Я был свидетелем и очевидцем и той и другой истории, но от рассказа о них уклонюсь: не хочется вспоминать подробностей – до того они некрасивы.
Скажу лишь, что рядовые хористы и хористки, почувствовав и осознав, что «зарвались» и «переборщили», со слезами на глазах потом говорили:
– Ужасно! Но что же нам делать? Мы – хор, а не солисты. Удовлетворения у нас никакого нет. Поем только ради денег… А денег тоже нет…
Несчастные, сбитые с толку люди!
Солисты
О третьей «армии» – о солистах Мариинского театра можно было бы написать целую книгу. Их было много, даже чересчур много. В мое время количество солистов колебалось от 60 до 80. Э.Ф. Направник не раз говаривал: «И зачем нам столько солистов? Да с таким составом можно не один, а три театра вести». Но это не от него зависело, и он, в особенности в конце жизни, ничего не мог с этим поделать.
Каждый из солистов индивидуальность, и как артист, и как человек. Каких-каких только не было среди них людей – характерных, типических!
Но рассказать о них, да еще о каждом в отдельности, я опять-таки не берусь. Я могу лишь отметить некоторые общие всем им черты, как оперных артистов казенной сцены.
Когда я поступил в труппу, мне казалось, что в лице солистов я приобрел новых друзей, горящих искусством, и я пошел к ним с открытой душой.

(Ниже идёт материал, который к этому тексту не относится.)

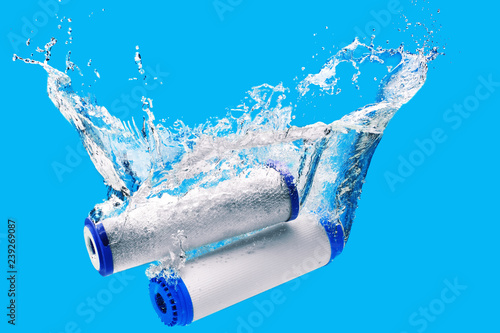 Foto New carbon filter cartridge for house water filtration system isolated on blue background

Однажды – в первый же месяц моего поступления – шла опера «Пиковая дама», которую я пришел послушать в кулисах, и в антракте зашел в режиссерскую – посидеть, посмотреть, прислушаться к тому, что говорят.
В какой-то момент туда же вошла одна из участвовавших в спектакле артисток в костюме и гриме. Меня поразило ее лицо… Всматриваюсь… Артистка меня спрашивает:
– Что вы на меня так пристально смотрите?
– Простите, – говорю, – я человек здесь новый, неопытный, может быть, ничего толком и не понимаю. Но мне кажется, что у вас левая бровь подведена не так, как бы следовало.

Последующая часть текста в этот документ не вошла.